The fourth is using the questions defensively, to kill projects you were skeptical of for other reasons. The pattern is corrosive. The questions work because they are neutral — they reward serious teams and expose unserious ones. Once your team learns you ask them every time, the quality of what reaches your desk goes up on its own.

How the three questions work together

Read individually, each question tests one thing. Read together, they form a single judgment pattern — can this team describe the system’s failure shape, the human cost, and the twelve-week trajectory? A team that answers all three with specificity has done the work. A team that answers only one or two has built a piece of the system in their heads and is asking you to fund the rest on faith. A team that answers none has brought you a deck, not a proposal.

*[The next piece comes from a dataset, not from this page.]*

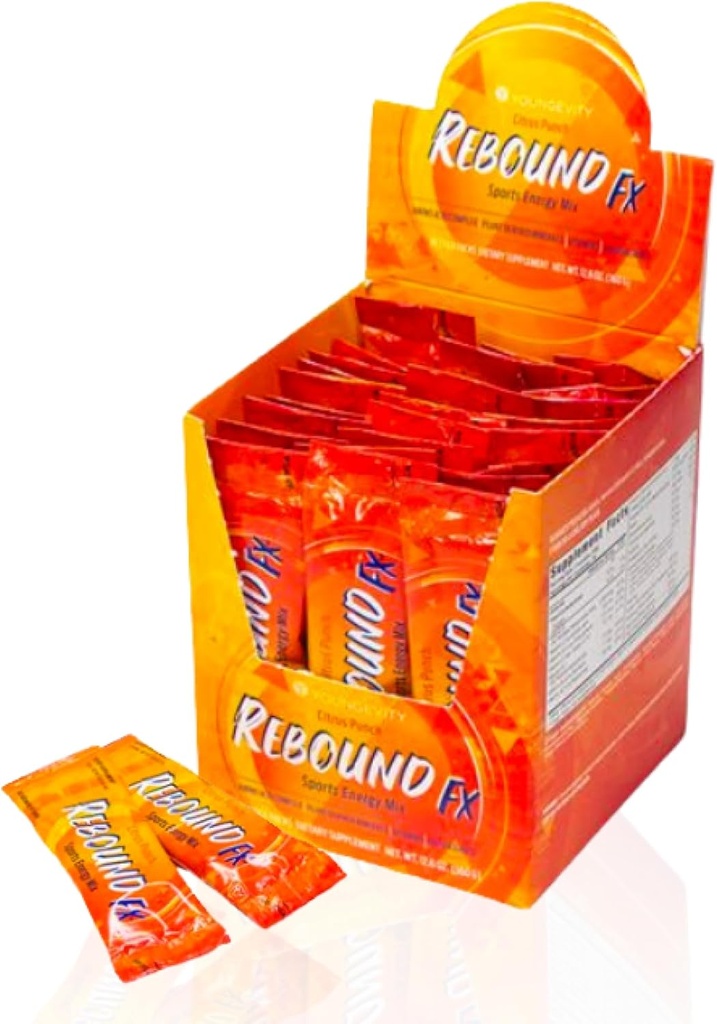 Youngevity Rebound FXTM Citrus Punch On-The-Go Stick Packs 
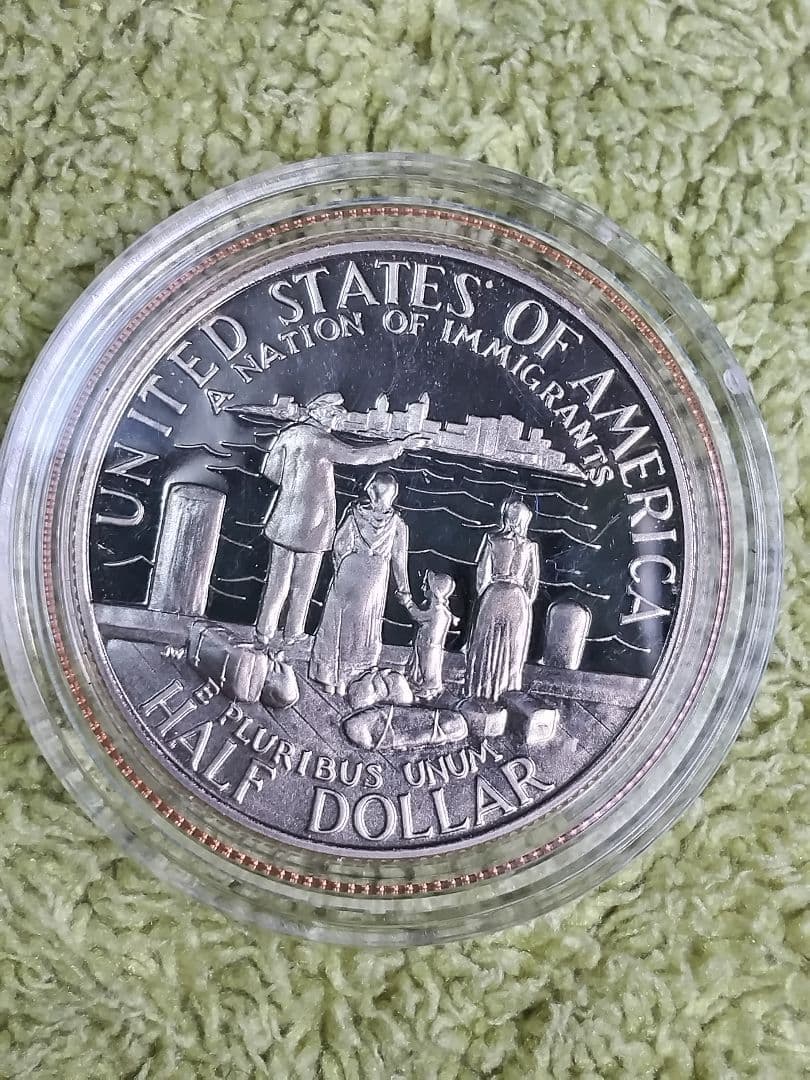 hab028 1986年S. ＄1,50C エリス島 自由の女神 銀貨セット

You do not need to be a technical expert to run this pattern. You need to be willing to ask the question, listen for specificity, and notice the difference between an answer and a posture. That is the entire skill. The three questions are: What’s the failure mode you’re most worried about? Where is the human in the loop, and what does that cost? What does this look like at week 12, not week 2? Memorize them. Use them on the next proposal that crosses your desk.


I unpack observations like this every week in Operator’s Log. Grounded AI perspective from the operator’s seat. Free. Subscribe →

FAQ

Q: How do I ask these questions without sounding like I’m trying to kill the project?A: Frame them as the questions you’d want your CEO or board to ask you about the project. You’re not pushing back — you’re stress-testing the proposal so it survives the next room. Serious teams welcome that framing.

Q: What if the team answers the questions confidently but I still sense something is off?A: Confidence is not specificity. Ask them to restate their answer in numbers — measured failure rate, FTEs of review work, expected drift signals. If the numbers aren’t there, the answer wasn’t either. Trust the absence of specificity over the presence of polish.

Q: Are these questions appropriate for vendor pitches as well as internal proposals?A: Yes — and vendors typically fail them faster than internal teams, because their incentive is to make the system sound autonomous and the timeline sound short. The week-12 question in particular is designed for vendor demos.

Q: My team is technical and will resist non-technical interrogation. How do I handle that?A: None of the three questions require technical knowledge to ask, and none of them can be answered with technical jargon alone. They’re questions about operating reality — failure, labor, time. Strong technical teams answer them well. Teams that bristle at them are usually the teams that need them most.

Q: What if the proposal fails one question but passes the other two?A: Send it back with the specific gap named. A proposal that knows its failure mode and its human cost but has no week-12 plan is a strong start with a missing operating model. That’s a constructive revision, not a rejection. The questions are designed to make the next version of the proposal better, not to settle a verdict in the room.